Not only that, NAGAFF recently hosted Barrister Hassan Bello, the retired and highly celebrated Executive Secretary of Nigerian Shippers’ Council, to a lavish reception meant to honour him for his selfless service to the industry during his eight-year tenure.
These and many more initiatives taken by NAGAFF have made the association the most active and proactive freight forwarding group in the industry.
Unfortunately, all this while when NAGAFF was building, rebranding and consolidating, ANLCA, a supposedly oldest freight forwarding group, was gradually receding in importance, fame, status and influence as its supposed leaders who are expected to build the association are busy destroying the legacy left by its founding fathers in their inordinate ambition to appropriate the spoils of office to themselves.
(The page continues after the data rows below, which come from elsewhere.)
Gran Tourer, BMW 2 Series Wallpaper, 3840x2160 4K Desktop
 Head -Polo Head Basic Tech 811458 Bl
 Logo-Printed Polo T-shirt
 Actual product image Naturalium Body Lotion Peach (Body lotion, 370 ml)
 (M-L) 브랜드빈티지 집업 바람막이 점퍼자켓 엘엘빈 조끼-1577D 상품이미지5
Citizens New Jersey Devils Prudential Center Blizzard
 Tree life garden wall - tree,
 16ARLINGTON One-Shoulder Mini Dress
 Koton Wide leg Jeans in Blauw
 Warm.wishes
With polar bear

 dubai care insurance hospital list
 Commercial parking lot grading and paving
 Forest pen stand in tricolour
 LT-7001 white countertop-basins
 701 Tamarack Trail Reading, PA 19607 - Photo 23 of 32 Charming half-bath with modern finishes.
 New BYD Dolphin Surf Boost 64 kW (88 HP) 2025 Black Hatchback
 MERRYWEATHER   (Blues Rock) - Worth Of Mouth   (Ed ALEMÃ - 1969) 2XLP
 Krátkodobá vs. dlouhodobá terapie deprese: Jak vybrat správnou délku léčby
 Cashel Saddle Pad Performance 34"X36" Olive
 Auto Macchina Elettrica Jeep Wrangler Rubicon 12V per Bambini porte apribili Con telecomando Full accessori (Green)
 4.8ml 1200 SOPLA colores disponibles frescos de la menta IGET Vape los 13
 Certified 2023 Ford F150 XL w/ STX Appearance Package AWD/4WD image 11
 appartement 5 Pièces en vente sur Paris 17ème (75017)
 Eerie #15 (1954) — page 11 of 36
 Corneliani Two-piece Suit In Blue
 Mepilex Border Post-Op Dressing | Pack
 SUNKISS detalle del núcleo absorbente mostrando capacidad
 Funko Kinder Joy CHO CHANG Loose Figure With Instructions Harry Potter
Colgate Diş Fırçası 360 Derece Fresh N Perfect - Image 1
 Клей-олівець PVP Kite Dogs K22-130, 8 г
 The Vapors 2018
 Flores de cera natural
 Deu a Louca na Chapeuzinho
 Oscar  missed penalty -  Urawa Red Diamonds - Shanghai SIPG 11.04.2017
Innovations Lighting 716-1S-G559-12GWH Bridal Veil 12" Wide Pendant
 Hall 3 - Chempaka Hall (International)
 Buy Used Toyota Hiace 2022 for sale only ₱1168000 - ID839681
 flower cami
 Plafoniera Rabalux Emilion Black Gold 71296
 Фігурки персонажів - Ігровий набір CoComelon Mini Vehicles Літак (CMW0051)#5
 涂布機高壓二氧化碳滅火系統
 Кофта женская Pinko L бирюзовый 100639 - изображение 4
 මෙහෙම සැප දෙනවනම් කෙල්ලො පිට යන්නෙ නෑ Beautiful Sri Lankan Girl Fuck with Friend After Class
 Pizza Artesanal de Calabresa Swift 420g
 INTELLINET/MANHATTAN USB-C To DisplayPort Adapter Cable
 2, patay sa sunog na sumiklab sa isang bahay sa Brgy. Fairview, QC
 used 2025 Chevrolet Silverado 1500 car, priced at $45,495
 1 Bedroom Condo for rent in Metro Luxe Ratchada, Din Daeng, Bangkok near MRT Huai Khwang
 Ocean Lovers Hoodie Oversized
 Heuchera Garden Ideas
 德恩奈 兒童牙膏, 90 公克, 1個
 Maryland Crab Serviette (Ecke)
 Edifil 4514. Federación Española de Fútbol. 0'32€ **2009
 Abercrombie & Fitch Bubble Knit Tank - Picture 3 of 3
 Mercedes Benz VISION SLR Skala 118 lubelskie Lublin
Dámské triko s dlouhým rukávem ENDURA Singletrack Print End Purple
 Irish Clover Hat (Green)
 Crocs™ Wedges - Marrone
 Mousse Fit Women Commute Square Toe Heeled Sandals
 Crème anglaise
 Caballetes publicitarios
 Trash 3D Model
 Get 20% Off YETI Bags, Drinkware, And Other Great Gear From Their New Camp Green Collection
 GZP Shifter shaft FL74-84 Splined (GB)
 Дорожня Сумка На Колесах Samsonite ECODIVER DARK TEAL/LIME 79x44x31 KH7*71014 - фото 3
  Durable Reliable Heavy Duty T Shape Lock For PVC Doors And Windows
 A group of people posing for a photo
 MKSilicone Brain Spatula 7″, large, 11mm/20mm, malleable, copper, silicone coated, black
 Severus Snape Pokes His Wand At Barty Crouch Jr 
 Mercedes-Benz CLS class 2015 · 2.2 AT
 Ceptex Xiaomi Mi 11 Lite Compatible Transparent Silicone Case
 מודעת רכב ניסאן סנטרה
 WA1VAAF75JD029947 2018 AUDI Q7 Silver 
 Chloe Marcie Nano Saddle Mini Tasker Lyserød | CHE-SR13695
Like most industry stakeholders who are already tired and irritated by the endless war in ANLCA, we shall no longer advise the gladiators to sheath their swords because such admonition has not been heeded in the past.
Rather than heed the warnings and advice of concerned stakeholders, the gladiators seemed more determined as they continued to get more incensed and enraged with one another, appearing hell-bent on destroying the great legacy they inherited from the founding fathers.
However, the ANLCA warlords should realise that every jab they throw at one another will only make NAGAFF stronger, more influential, more popular and prosperous until it finally drowns the war-torn association in its own act of foolery.
But if the ANLCA gladiators could engage themselves in self- retrospect that their act is capable of destroying the great association that was once the envy of other rival associations and end this factional war, maybe, just maybe, ANLCA could manage to salvage and recover some of the gains it has conceded to NAGAFF.